Unlike the other two managers, Van Gaal has no Europe to contend with so expectations are higher on the domestic front. While he’s stated the club is not good enough to win the title, an assertion many would agree with, the Red Devils should be able to get into Europe and win a domestic cup.
One thing that does have to be considered is that the Dutch coach may never have faced such a big rebuilding process during his time at a club. Yes, that goes in line with his “broken squad” assertion but he is laying the blame on the wrong person.
When all are fit and accustomed to Van Gaal’s demands this is actually a good United side. How long that process will take is anybody’s guess. Van Gaal should be able to develop the likes of Phil Jones, Chris Smalling, Adjan Jadnuzan, Luke Shaw and others while getting the best out of his experienced stars.
He has a similar aura to Ferguson, though he may not be as appreciated in Britain, and will be a commanding presence in the dressing room and on the field.
Given the activity this summer, Manchester United fans will expect to be back in Europe, meaning the Champions League, next season and challenging for the title again. That may not be too much to ask depending on how things go this season.
A look at Manchester United’s transfer activity this summer shows that there is indeed a good amount of talent now at the club. Additions in midfield and defense could still happen, but Rome wasn’t built in a day. The rating of 9/10 is still a bit high in my estimation, a seven would be more apt, as United may not be able to play Van Gaal’s preferred 3-4-1-2 with the requisite precision given the players currently available.
Van Gaal has moved further in strengthening the weak areas with both Ander Herrera and the versatile Danny Blind joining to help in midfield, as well as Angel Di Maria capable of playing further inside as you’ll see below in an analysis on Van Gaal’s tactical options.
The introduction of Luke Shaw, Marcos Rojo and, again, Blind help in the defense despite not being at the same level of Ferdinand when he joined.
ESPN FC’s Michael Cox takes a look at the tactical options available to Louis Van Gaal with the players at his disposal.
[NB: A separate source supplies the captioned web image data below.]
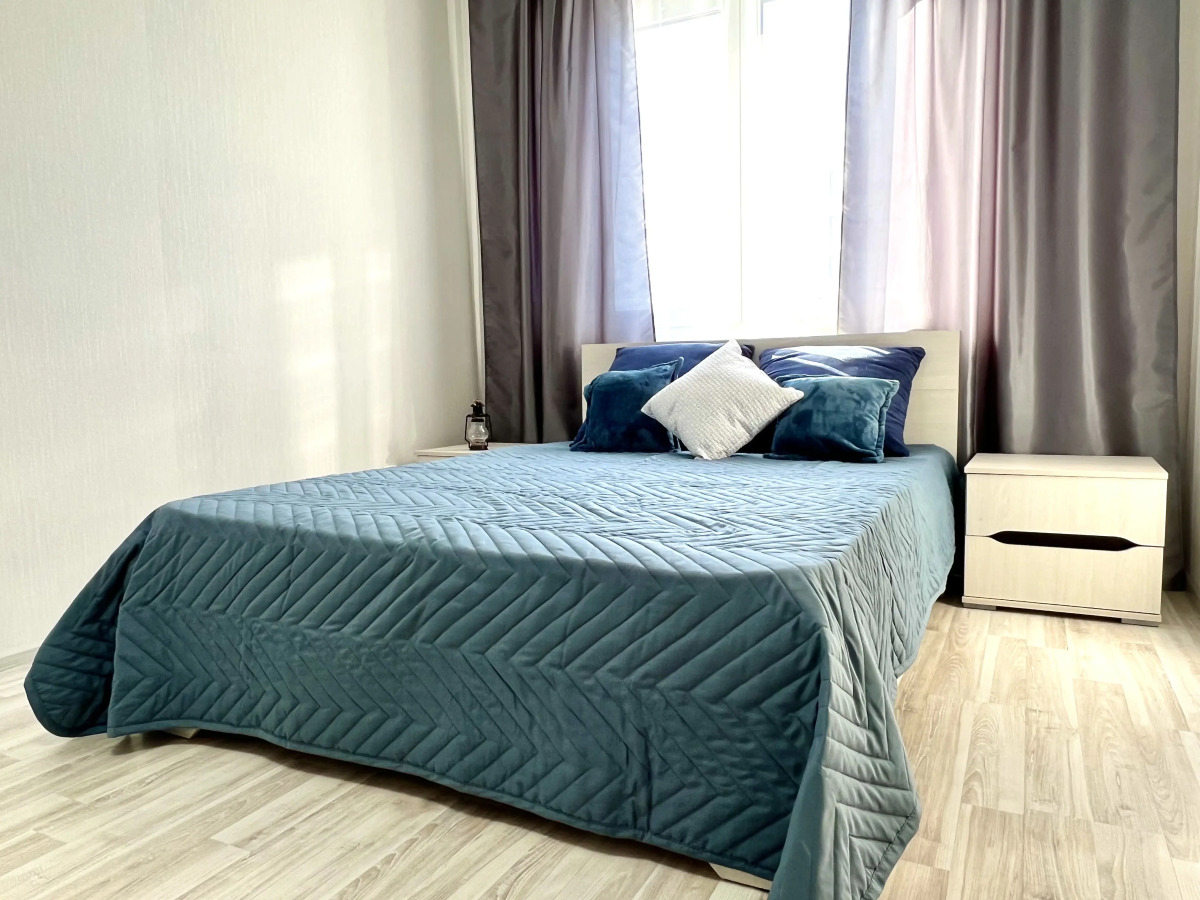 Апартаменты ЖК Высокий стандарт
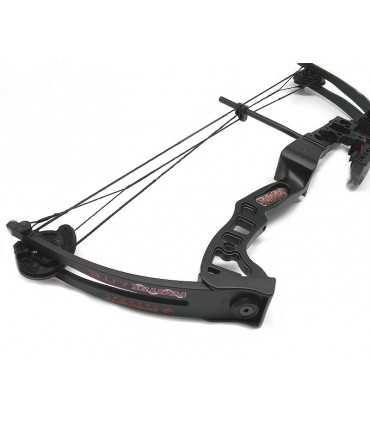 Arco Barnett Vortex Lite Junior 18-29 lb in alluminio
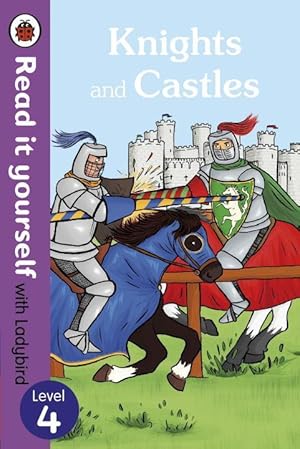 Bild des Verkufers fr Knights and Castles - Read it Yourself with Ladybird zum Verkauf von moluna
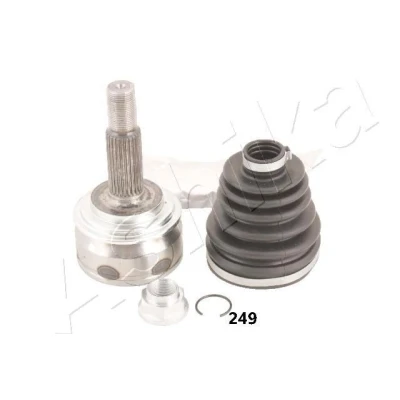 Imagen de ASHIKA 62 02 249 Junta Homocinética lado de rueda TOYOTA: Yaris II Hatchback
Two such lineups are below, and both underline the quality available to him as well as the difficult task in selecting the best possible XI for each tactical setup.
These are rough ideas of the 4-3-1-2 and 3-4-1-2 formations most likely to be used by Van Gaal, I was a bit limited by the template I was using, and it’s certainly not the case that these specific players would play in these positions in either tactical setup.
So was Ferguson more capable than his successors?
It has to be a resounding yes in regard to Moyes even if he had been able to build a team more to his liking. He may have been ready for a bigger job but in hindsight it should not have been Manchester United. Van Gaal may not have the same stability as Ferguson but his resume certainly comes close to the Scotsman, and he’s dealt with a big club or two in his time.
Is the shell of a team that Ferguson left behind capable of regaining its former glory?
With Van Gaal in charge that is possible. Moyes needed, and maybe should have been given, more time but that’s not something you get at a club like United. Had the two arrivals been switched, Van Gaal first and Moyes second, then maybe things would be different. Maybe Manchester United would have been better off going for the marquee manager who spends little time at a club before moving on, such as Van Gaal or Jose Mourinho, then getting Moyes.
As an Arsenal fan, it’s interesting to see Manchester United in such a state but we are in a position to benefit. Well, if we had gotten a defender or two and a defensive midfielder too. The race for fourth place will be tougher than ever this year, and it’s almost as if you wish United wasn’t involved so the odds would be better.
It will be interesting to see where this United side is at the end of the season. At least we know they won’t be winning the title.